Adam Kansler: Our forecast for the eurozone – ahead of consensus – remains for mild recessionary conditions to continue in early 2024. Annual growth is forecast at around 0.5 percent only for 2024. Positives include the moderation in underlying inflation. This will support household real incomes and consumer spending, and the expectation of rate cuts from mid-year. We estimate that the ECB has likely reached the end of its tightening cycle. And we expect the start of the loosening cycle during the second quarter of 2024. Unemployment has also remained unusually low despite the economic downturn. We expect a gradual pick-up in quarter over quarter rates of real GDP growth over the course of this year.
China’s economy is forecast to recover rather gradually in 2024. We expect annual real GDP growth to land in the mid-4 percent range, a little below 2023’s estimated growth rate of around 5.4 percent. For China’s 2024 growth, our current specific forecast is 4.7 percent.
The Chinese economy is facing various cyclical and structural challenges. These include problems in the real estate sector and high levels of corporate debt. However, we expect growth this year to be supported by a more accommodative policy, a gradual improvement of private sector confidence, and an expected bottoming out of the housing market downturn. Policy stimulus is the pivotal aspect really, and the government has markedly stepped up its fiscal support in recent months. This is sending a strong signal of its determination to support the economic recovery.
Economy Middle East: Looking at the Middle East, geopolitical tensions have obviously had an impact on economic growth. Do you see light at the end of the tunnel? What’s your take on continued crude production cuts?
Adam Kansler: S&P Global Market Intelligence’s baseline scenario from mid-December has the MENA region growing by 2.3 percent in 2024 and 2.7 percent in 2025 after a more subdued 1.5 percent in 2023. This amid expectations of continued non-oil and gas economic activity growth and a less troubled geopolitical backdrop. Our analysts found that private sector growth in the Gulf Cooperation Council countries could benefit from an anticipated easing of monetary policy terms in the U.S. in 2024. The oil sector of GCC economies is stagnating as we anticipate production cuts to be maintained throughout 2024 (even in 2025). This is due to soft global oil demand growth and strong non-OPEC supply.

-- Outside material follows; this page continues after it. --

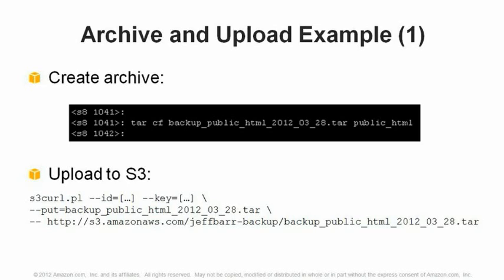Once you have the archive, run the S3curl command to upload it to S3. You supply your AWS ID and secret key, tell it to put the local backup file, and specify the destination. Note the two dashes before --put specify a Linux command line argument; a second pair of dashes separates the first half of the curl arguments from the second half. After that second pair of dashes, you simply provide the destination: s3.amazonaws.com, your jeffbar-backup bucket, and the final part of the key where you'd like the file to land in S3.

The ongoing Israel-Hamas war will likely have a limited economic impact on the broader MENA region. Egypt, Jordan and Lebanon, bordering Israel and the Palestinian territories, will feel the pinch of the war through more adverse sentiment and reduced hospitality, trade and investment flows. Egypt has suffered from temporarily reduced gas flows out of Israel. This has hindered its ability to re-export it and generate much-needed hard currency. It is also adversely impacted by reduced Suez Canal revenues following shipping majors’ decision to re-route container vessels away from the Red Sea due to increased risks of attack. The war has compounded Egypt’s foreign liquidity issues. However, we expect Gulf monarchy support and an IMF deal to hold and help meet Egypt’s significant external financing needs.
Disclaimer
S&P Global Market Intelligence’s opinions, quotes, and credit-related and other analyses are statements of opinion as of the date they are expressed and not statements of fact or recommendation to purchase, hold or sell any securities, or to make any investment decisions, and do not address the suitability of any security. S&P Global Market Intelligence is one of five Division’s within S&P Global. It does not represent the views of Commodity Insights, Ratings, Dow Jones Indices or Mobility.